After Jean’s departure Paulette went back to her work, but because of her son’s insistence she shortened her hours and reached home while it was still daylight. “I shall not have a happy moment if I know you are out after dark,” he said. “With those Zeppelins about I shall not be satisfied to have you exposed at night.”

“But they may come in daylight, and one is not safe in one’s own home,” protested Paulette.

“Just the same I shall not be satisfied,” returned Jean doggedly, and Paulette yielded.

Perhaps it was just as well that she did, for along in March came a disaster which, literally, struck near home, and which affected each one of the little group occupying the rooms overlooking the old convent garden. It was poor old Amelie Durand who was the victim. She was coming home when the Zeppelin swooped down upon Paris to do its deadly work, and with others she was killed. Lucie, trembling and terrified at the news, cowered in a corner of her room till Paulette should come. In the next room, Odette, pale and shivering, but outwardly calm, did what she was told to do. She had no great love for this aunt of hers, old Amelie Durand, but she was her nearest of kin and this stroke of fate seemed even more ghastly than the others which had taken the ones most beloved. It was a time of fear, of dread, of confusion. Curious visitors came and went. There were footsteps on the stairs going up or down all day long. Officials of the government came to investigate. Old Henriette Jacquet, Amelie’s friend and companion, worked up to a state of excitement which made her ill, talked incessantly in a shrill, high key, to any one and every one who came in.

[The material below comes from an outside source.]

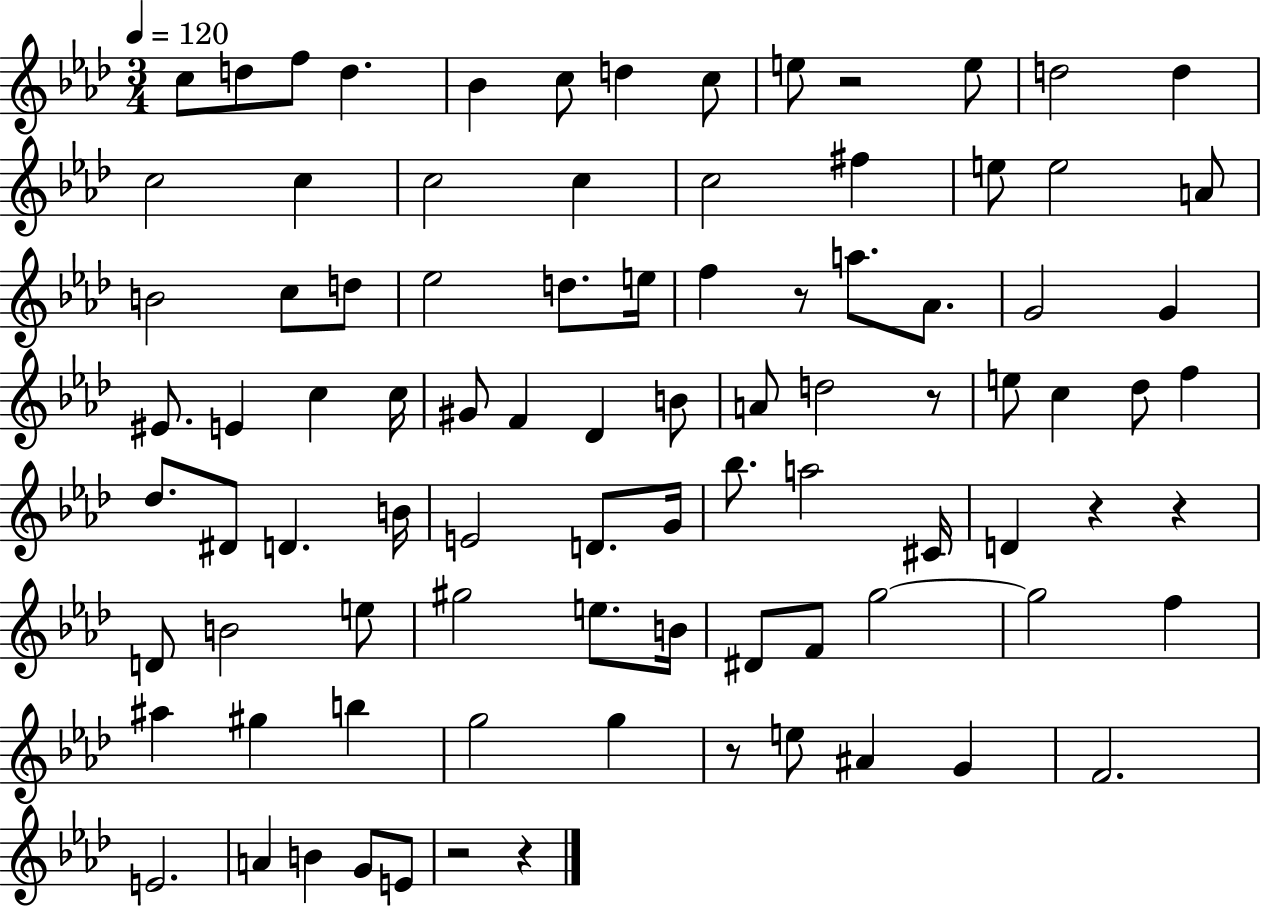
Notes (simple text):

C5/e D5/e F5/e D5/q. Bb4/q C5/e D5/q C5/e E5/e R/h E5/e D5/h D5/q C5/h C5/q C5/h C5/q C5/h F#5/q E5/e E5/h A4/e B4/h C5/e D5/e Eb5/h D5/e. E5/s F5/q R/e A5/e. Ab4/e. G4/h G4/q EIS4/e. E4/q C5/q C5/s G#4/e F4/q Db4/q B4/e A4/e D5/h R/e E5/e C5/q Db5/e F5/q Db5/e. D#4/e D4/q. B4/s E4/h D4/e. G4/s Bb5/e. A5/h C#4/s D4/q R/q R/q D4/e B4/h E5/e G#5/h E5/e. B4/s D#4/e F4/e G5/h G5/h F5/q A#5/q G#5/q B5/q G5/h G5/q R/e E5/e A#4/q G4/q F4/h. E4/h. A4/q B4/q G4/e E4/e R/h R/q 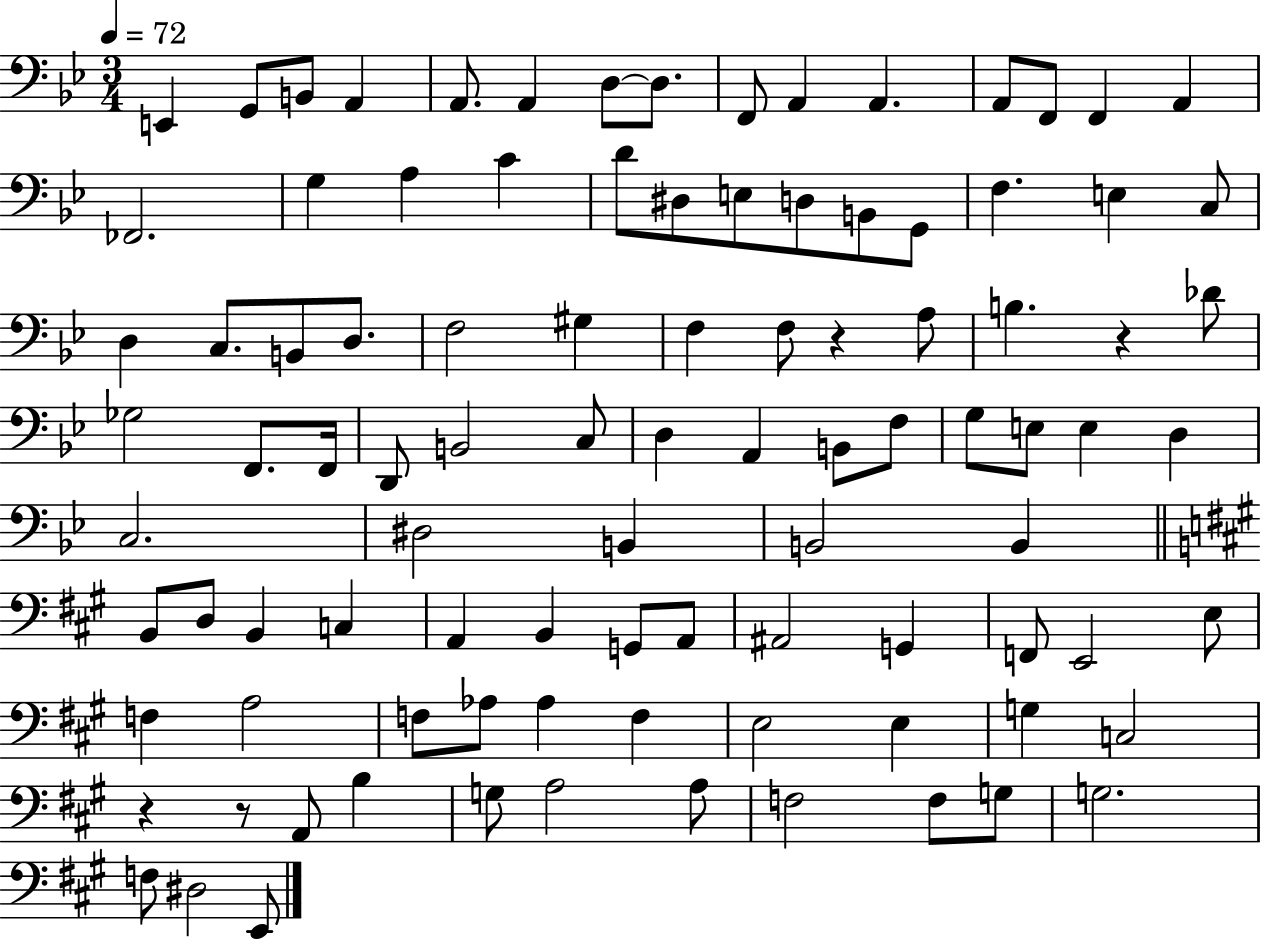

Lucie, who heard and saw most of all this, felt as if she were in worse case than upon that dreadful journey to the city. She started at every sound, dreading that she would next hear the threatening hum of another Zeppelin. Paulette listened to the tale of the disaster with set lips and lowering brows. “And I said I would not work in a munition factory, because of the danger,” she said nodding meditatively. “Where is one safe these days, surely not here in Paris. If those Boches can get here once, they can again.” She did not go out the next day, but she spent much time with old Henriette while Odette stayed with Lucie.

One morning Odette announced that Henriette had declared that she would not remain another week in the city. She had relatives near Poitiers and to them she would go.

“And what will you do, Odette?” asked Lucie with concern. This question had been in her mind ever since Amelie’s death.

“I do not know,” Odette answered after a moment. “I think I shall go into a munition factory. One can get work very easily, they tell me.”

“Oh, but Odette, I don’t want you to go into a munition factory. I am afraid you will be killed.”

“One may as well be killed that way as by a Zeppelin, and the pay is excellent.”